In einem technischen und strategischen Bravourstück schlägt Costa Rica Italien mit 1:0, wirft England aus dem Turnier - und steht im Achtelfinale. Auf den Tag genau 24 Jahre nach dem letzten Triumph der Mittelamerikaner. Vorbereitet ist das kleine Land darauf nicht.

Von Peter Burghardt, São Paulo

In Recife ging ein weiteres verblüffendes Spiel dieser Fußball-Weltmeisterschaft zu Ende, da begann dort und einige tausend Kilometer nordwestlich in Mittelamerika ein ebenso unverhofftes Fest. Auf dem brasilianischen Rasen hüpfte ein glücklicher Kolumbianer, der Trainer José Luis Pinto, und seine weiß gekleideten Spieler von Costa Rica tanzten im Kreis.

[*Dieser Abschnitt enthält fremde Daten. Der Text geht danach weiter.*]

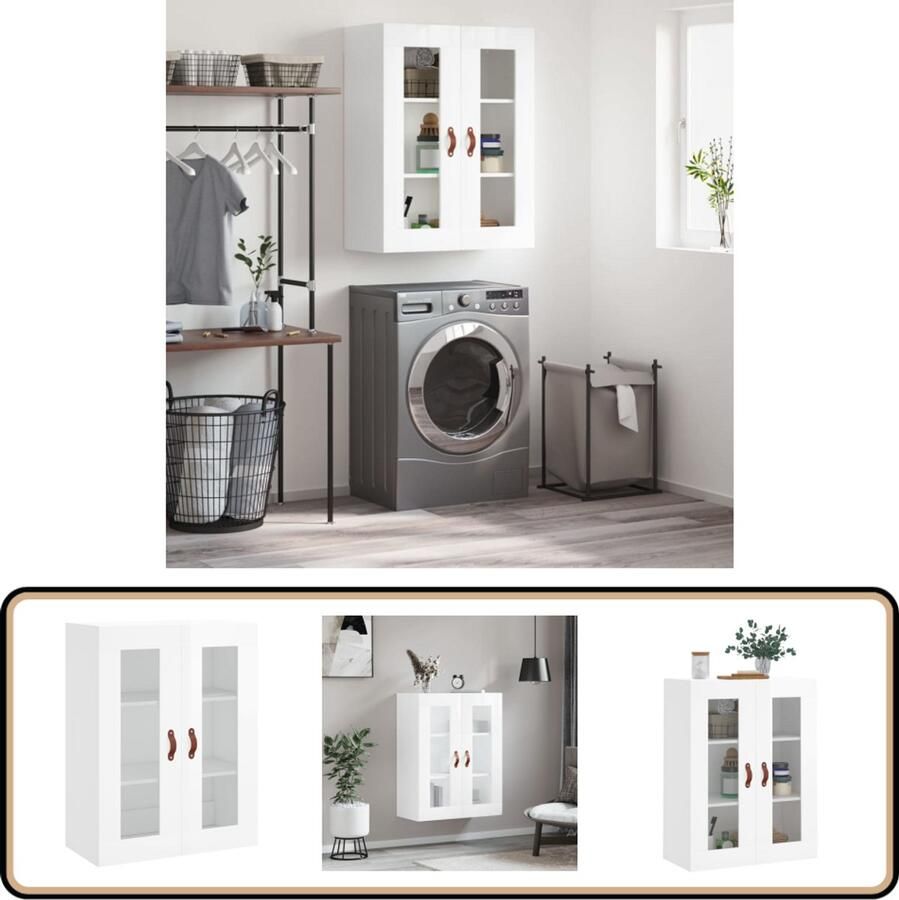 VidaXL Wandkast Hoogglans Wit 69 5x34x90 cm Wandkast Hangkast Opslagoplossing Keukenopslag Badkamerkast - Foto 2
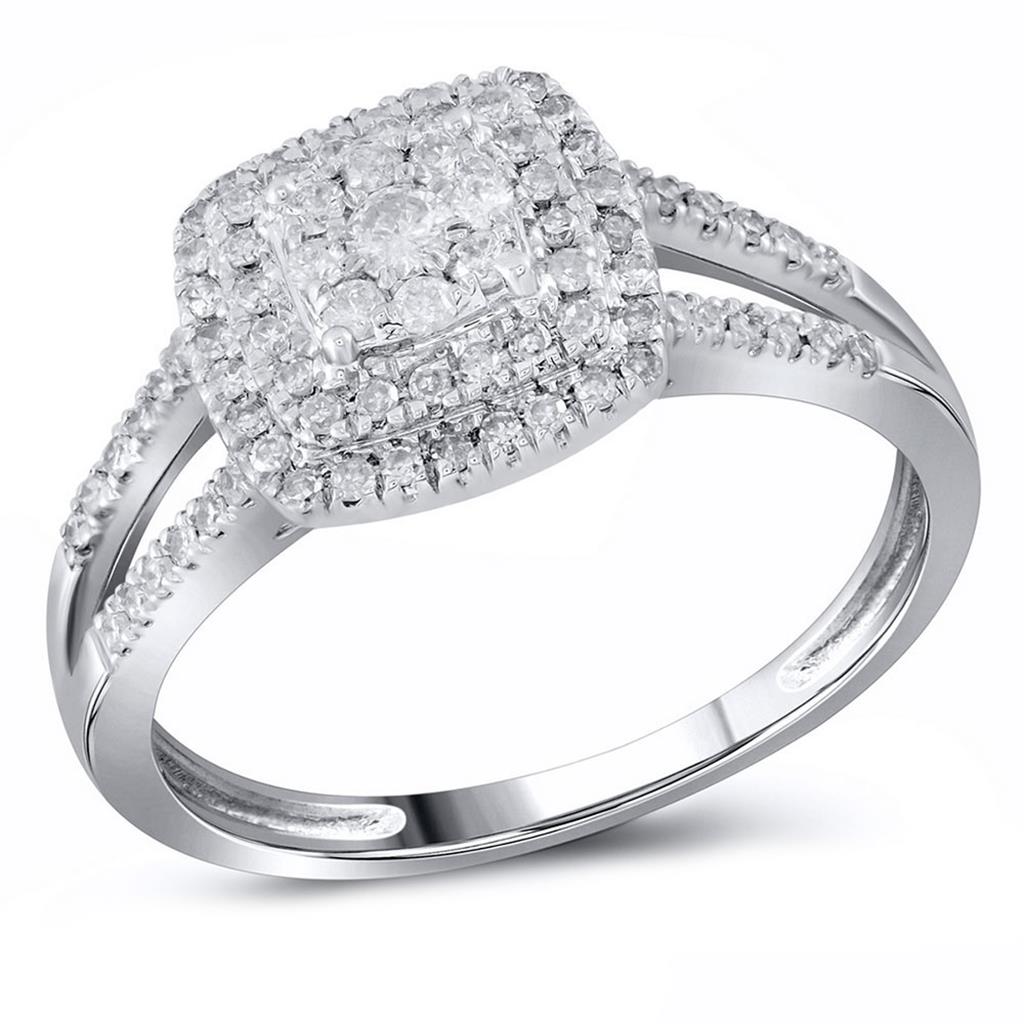14k White Gold Round Diamond Square Flower Cluster Ring 1/2 Cttw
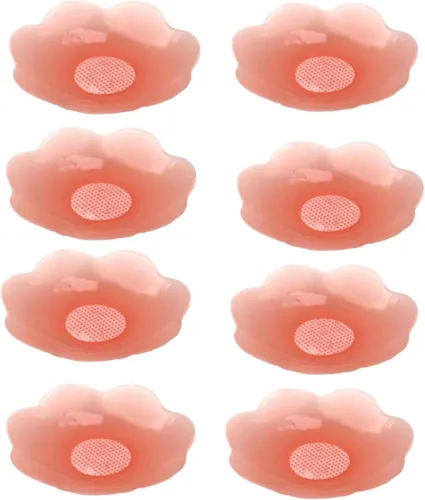 Vista 10 de ICEGIA Fundas para pezones para mujer, impermeables, reutilizables, ultra finas y adhesivas de silicona para pezones, pétalos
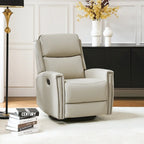Fauteuil relax pivotant et à bascule en cuir Mid-Century avec garniture cloutée, 11 couleurs disponibles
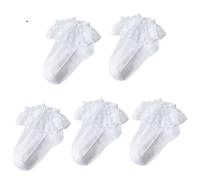 YGMNQAL 5 Pair / 12 Socks Lace Ruffle Princess Ankle Short Breathable Cotton White Pink(Black,1-3 Years old)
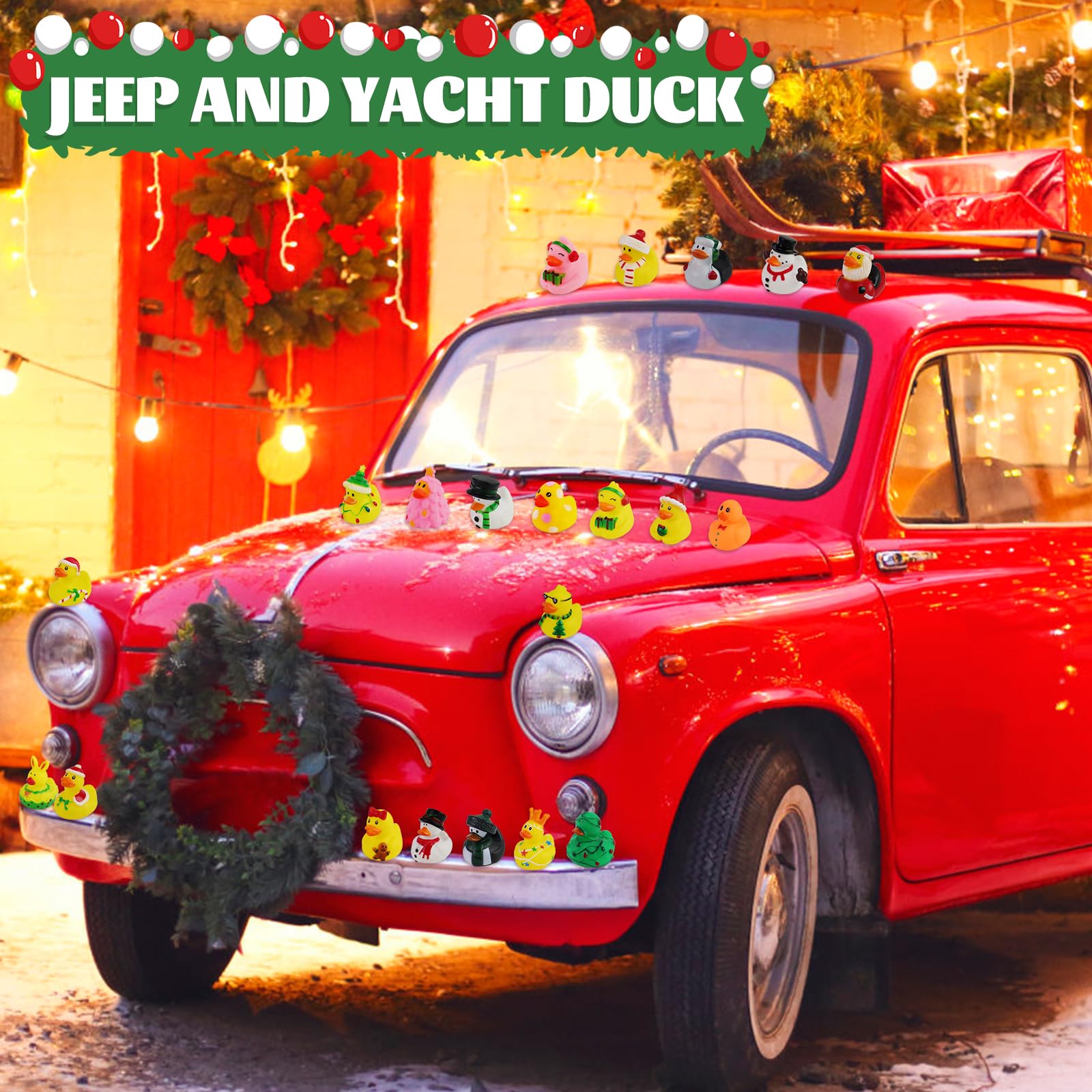 Halovin Christmas stocking ducks: compact toys ideal for gift bags.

Einer von ihnen sich hatte auch rasch eine rotweiß-blaue Flagge geschnappt, um das historische Ereignis angemessen zu begehen. "Geht raus, erzählt es euren Kindern, euren Enkeln", empfahl zu Hause in San José die Zeitung La Nación: "Atmet durch. Ja, Costa Rica hat gerade Italien 1:0 besiegt und das Achtelfinale erreicht, in einer Gruppe, die als furchterregend verkauft worden wa." Das Blatt stellte einen entsprechend monumentalen Titel darüber: "Der Gigant der Todesgruppe badet Costa Rica in Ruhm."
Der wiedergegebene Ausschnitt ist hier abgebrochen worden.